Les savants de l’Islam ne doivent pas se lasser de rappeler les principes élevés, la fraternité humaine et la coopération présents dans leur religion, outre les autres éléments sur lesquels concordent Occidentaux et Orientaux, et être désireux de faire connaître aux Occidentaux l’Islam dans sa vérité.
Il convient en outre de mentionner le fait que de nombreux musulmans ont émigré en Occident, s’y sont installés et sont devenus partie intégrante du tissu de ses peuples. Parallèlement, les styles de vie occidentaux ont émigré parmi les Orientaux, dominant leurs traditions, leurs coutumes et leurs comportements modernes et contemporains, influençant une partie non négligeable non seulement de leur vision du monde mais également de leurs programmes d’enseignement et leur façon de penser.
Cela prélude à l’avènement de nouvelles relations humaines et d’une civilisation pacifique dans laquelle soient préservées les cultures des peuples, leurs spécificités et leurs différences et où l’on s’abstienne d’hégémonies culturelles et de conflits. C’est ce qu’affirme l’intellectuel français contemporain Tzvetan Todorov dans son livre La peur des barbares, dans lequel il affirme que la civilisation occidentale ne peut pas être considérée comme l’unique détentrice d’un caractère civil ni le critère à travers lequel se définit la culture des autres. Toute interférence dans la culture de l’autre doit être considérée comme un mauvais exercice du pouvoir, car il n’est pas possible d’affirmer la liberté et l’égalité à travers la contrainte, sinon nous « ne serions pas différents de ceux que nous qualifions de barbares ».
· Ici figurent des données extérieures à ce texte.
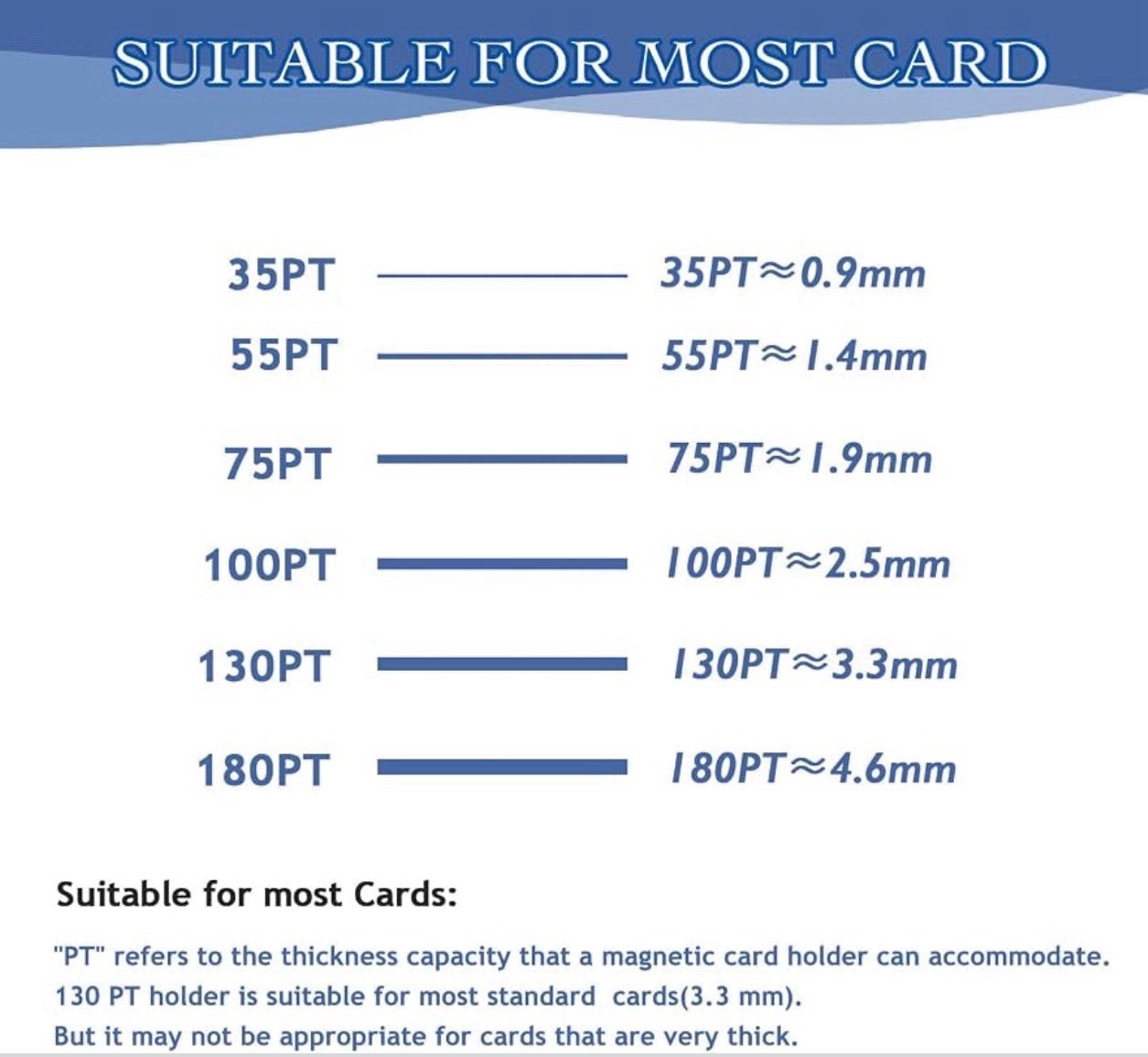 50 Pcs 100 Pt Acrylic Magnetic Card Holders One Touch Card Holder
C’est ce qu’a établi avec une grande clarté le Document pour la Fraternité humaine, qui a initié un processus tangible, en Orient et en Occident, et offert un modèle éminent du respect et de l’interaction qui devraient caractériser un dialogue entre les religions et les civilisations fondé sur la reconnaissance mutuelle, la coopération, la fraternité et la paix. La déclaration a, en outre, souligné l’importance de la relation entre l’Orient et l’Occident et la façon dont chacun des deux peut tirer profit de l’autre. Je suis convaincu que, s’il plaît à Dieu, le chemin de la fraternité humaine dont cette rencontre historique sur la terre de Bahreïn peut être considéré comme l’une des pierres angulaires, pourra contribuer à promouvoir ce rapprochement et cette reconnaissance mutuelle entre l’Orient et l’Occident. D’autre part, la déclaration du Royaume de Bahreïn pour la coexistence pacifique[2] a représenté une étape importante dans la consolidation de la citoyenneté et l’élévation des valeurs de tolérance et de compréhension entre les peuples.
Honorable assemblée,
Aujourd’hui, nous possédons une théorie islamique orientale alternative à la théorie du « conflit des civilisations », connue comme théorie de la « connaissance mutuelle des civilisations » qui a suscité, ces derniers temps, l’intérêt d’éminents penseurs et chercheurs, qui l’ont présentée comme une réponse à la théorie du conflit des civilisations. Elle suppose l’ouverture à l’autre et la reconnaissance mutuelle dans un cadre de coopération, de bénéfice mutuel et d’habilitation de l’homme à assumer la responsabilité que Dieu lui a confiée. Elle consiste à peupler la terre, à la conserver et à ne la corrompre en aucune manière. Cette théorie est fondée sur le terme « connaissance mutuelle », mentionné dans le Coran et, dans ce cadre général, sur trois principes coraniques :
Premièrement : le Très-Haut a créé les hommes différents par leur race, couleur, langue, religion et autres caractéristiques. Ils resteront différents jusqu’au dernier moment de leur vie sur cette terre : « Si ton Seigneur l’avait voulu, il aurait rassemblé tous les hommes en une seule communauté. Mais ils ne cessent pas de se dresser les uns contre les autres » (Cor. 11,118).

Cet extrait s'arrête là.